The facility is made up of 7,600 mirrors that will focus sunlight on a boiler tower to generate steam which, when introduced into the extraction system, makes it easier to pump the thickest crude from the ground. Before this new system was put in place, other fossil fuels, like natural gas, were needed to facilitate this process to heat the oil. In other words, the new technology will allow Chevron to extract more oil from the ground in a "cleaner" way.
The only problem is, there's really nothing "clean" about more oil.
"Through this demonstration, we want to determine the feasibility of using solar power for enhanced oil recovery," says Chevron Technology President Desmond King, via United Press International. "This technology has the potential to augment gas-powered steam generation and may provide an additional resource in areas of the world where natural gas is expensive or not readily available."
Chevron's push towards renewable energy solutions to meet their oil extraction needs, however, is less about being eco-minded and more about improving their bottom line.

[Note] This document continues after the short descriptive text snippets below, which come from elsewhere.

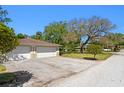 Attached two car garage with additional parking in a quiet neighborhood at 4302 W Woodmere Rd, Tampa, FL 33609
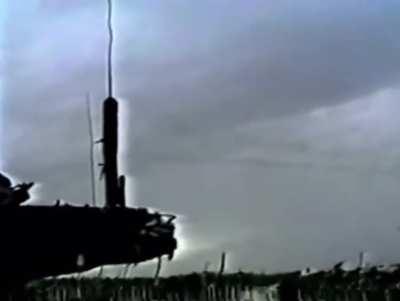 Marines watch from the ground as an attack helicopter engages forces of Mohamed Farrah Aidid in Somalia, January 1993.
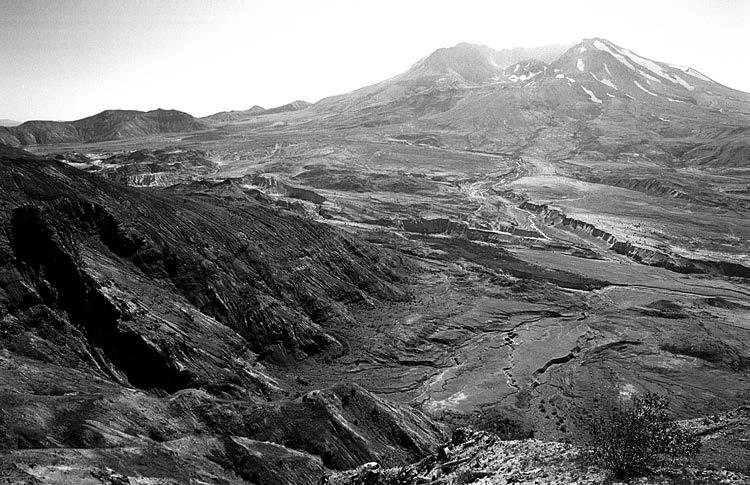 issue 60 - page 4 Looking south toward Mount St. Helens from the Johnston Ridge Observatory. From this angle you can see the 1000 tall lava dome inside the open crater.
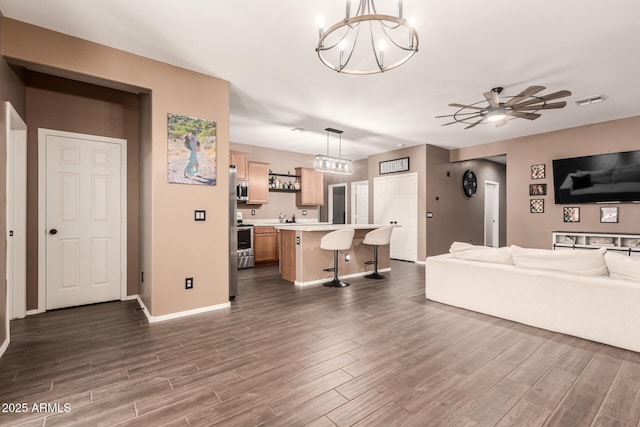 living room featuring ceiling fan with notable chandelier and dark hardwood / wood-style flooring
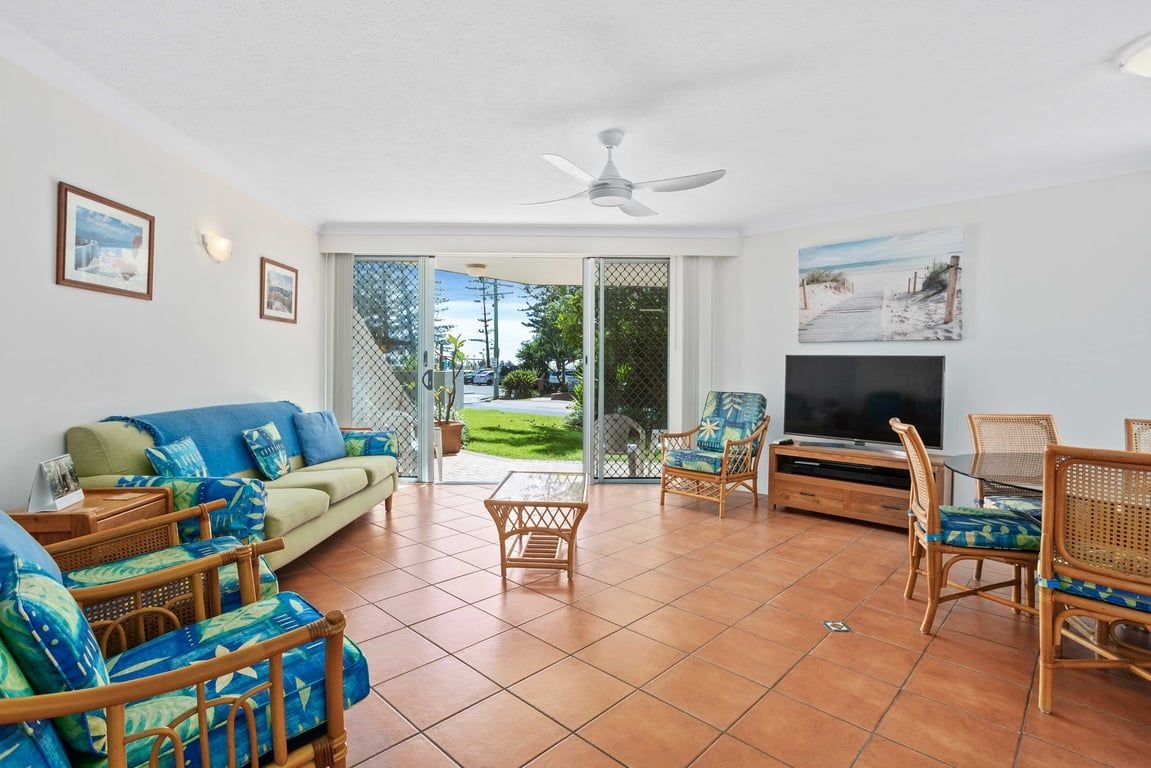 A living room with a sofa, chairs, a TV, and a balcony with a view.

According to a report from Bloomberg, using solar-thermal systems to improve production can actually be more cost effective than burning natural gas -- and the project in Coalinga aims to test its viability.
Despite the irony behind hailing a renewable energy source as a solution to increase production of non-renewable sources, it is nice to see that oil companies like Chevron have it in them to build such facilities.
And who knows, maybe one day they'll decide to jog past the donut shop before the've become too fat to fit through the door.